UMBERTO II, conte
UMBERTO II, conte. – Nacque probabilmente alla fine degli anni Sessanta dell’XI secolo da Amedeo II, conte della parentela degli Umbertini, che in quel periodo non usavano ancora l’appellativo di conti di Savoia. Non è certa l’identità della madre, che solo fonti tarde e poco attendibili indicano in Giovanna, figlia del conte di Borgogna Geroldo II.
Una carenza di attendibilità caratterizza, a dire il vero, molti dei documenti che contengono menzioni di Umberto.
Amedeo II morì probabilmente nel 1080. Umberto è detto conte in un atto del 1081, pervenuto in copia tarda, ma considerato attendibile dall’editore, con il quale eseguiva una donazione al monastero di Novalesa affiancato dal vescovo Conone di Moriana. La tradizione storiografica che vorrebbe il potere comitale gestito congiuntamente, in quegli anni, tra Umberto e un suo fratello di nome Oddone si appoggia su documenti falsi e deve essere respinta. Come per i precedenti esponenti del lignaggio, nella documentazione affidabile relativa a Umberto il titolo comitale non è associato ad alcuno spazio geografico: soltanto con suo figlio, Amedeo III, si sarebbe imposta la denominazione di conte di Moriana, usata poi durante tutto il XII secolo.
Fino agli anni Novanta dell’XI secolo gli Umbertini controllarono, oltre ai comitati del Regno di Borgogna, anche la Marca di Torino, nel Regno italico. Formalmente la marca funzionava ancora come una circoscrizione pubblica i cui governatori agivano nel contesto di una designazione regia. Nella prima metà del secolo si successero nell’esercizio della carica i membri della parentela italica degli Arduinici, impegnati in un ambizioso tentativo di dinastizzazione del potere sui territori governati; nel 1044-51 il titolo fu conseguito da Oddone, nonno di Umberto, all’indomani del suo matrimonio con Adelaide, figlia dell’ultimo marchese arduinico Olderico Manfredi. L’effimera convergenza di circoscrizioni italiche e borgognone sotto il controllo di una sola parentela non produsse una dominazione principesca omogenea estesa sui due versanti alpini, come dimostra il fatto che, dei due figli di Oddone – Pietro e Amedeo II –, il primo detenne dopo la morte del padre la sola carica marchionale e il secondo il solo titolo comitale. Nel 1091 morirono tanto Adelaide, sino allora garante della continuità arduinica nella gestione del potere sulla marca, quanto il nuovo marchese Federico di Montbéliard, che aveva sposato la figlia di Pietro, Agnese.

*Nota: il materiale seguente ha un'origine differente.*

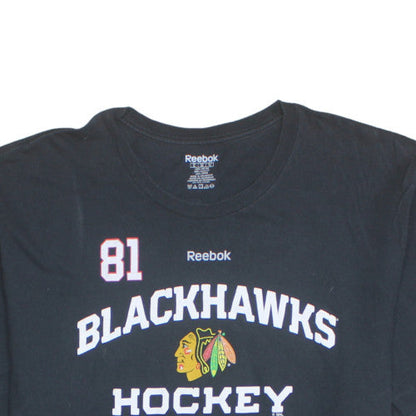 Reebok Men's Black Chicago Blackhawks #81 Hossa XL T-Shirt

Nei primi anni Novanta Agnese e i suoi figli tentarono di esercitare, come i precedenti marchesi, un’egemonia politica e un’autorità di ascendenza pubblica sul territorio della marca, come dimostra la presenza di visconti attivi a Torino come ufficiali pubblici. Ma dovettero scontrarsi con l’ostilità della Chiesa vescovile e della comunità cittadina torinesi – contenuta con la forza delle armi grazie all’intervento del capo militare francese Burcardo di Montrésor – e con le ambizioni concorrenti di altri poteri in grado di rivendicare l’eredità adelaidina. Si trattava, oltre che dell’imperatore Enrico IV stesso, dell’aleramico Bonifacio «del Vasto», nipote di Adelaide, e appunto di Umberto II, che intendeva ripristinare il controllo umbertino su entrambi i versanti delle Alpi occidentali e che incominciò probabilmente in quegli anni a servirsi della titolatura marchionale accanto a quella comitale.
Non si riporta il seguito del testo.